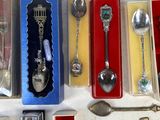 many spoons and spoon spoons sitting in a box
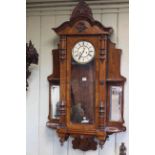 Vienna wall clock in walnut with side mirrors and open quarter shelves, double weight movement,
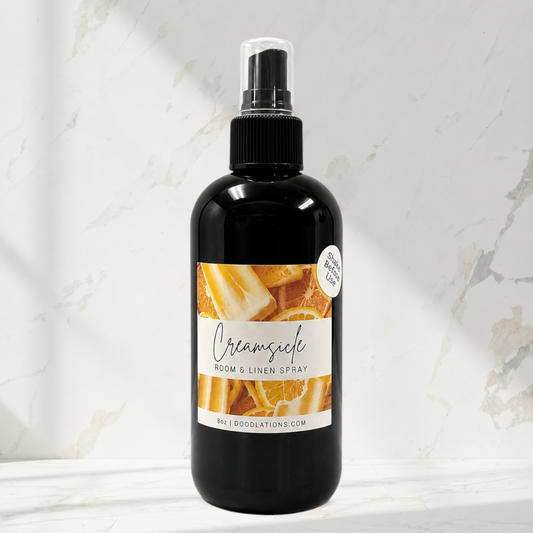 Doodlations Coffee Bar & Boutique Creamsicle room and linen spray in a black bottle with citrus fruit label design.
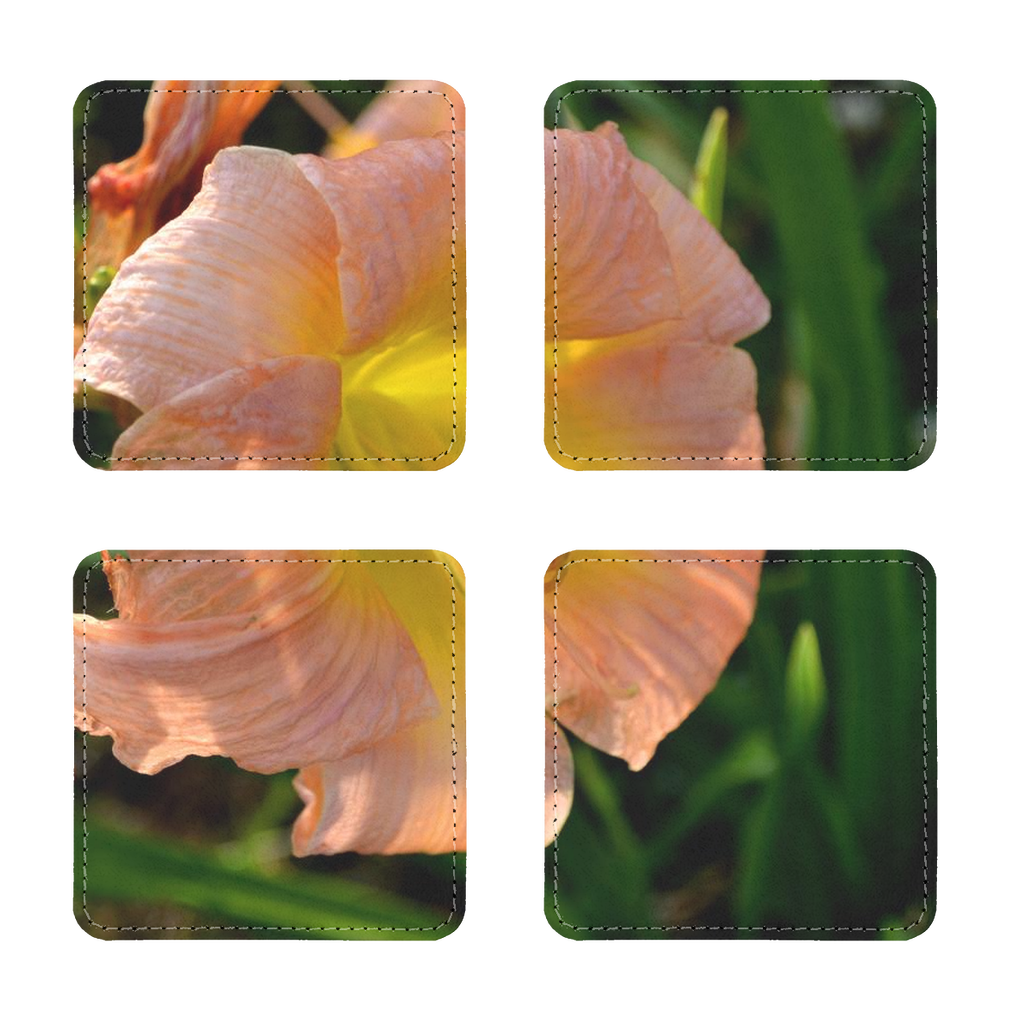 Pack of four orange flower sublimation coasters made of PU leather, showcasing square and round shapes with white stitching.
###
> [TASK DESCRIPTION]:
Please repeat the lines that run from the one holding "Doodlations Coffee Bar" to the last line of the material, both included, exactly and without pictures.

> [SOLVED EXERCISE]:
 Doodlations Coffee Bar & Boutique Creamsicle room and linen spray in a black bottle with citrus fruit label design.
 Pack of four orange flower sublimation coasters made of PU leather, showcasing square and round shapes with white stitching.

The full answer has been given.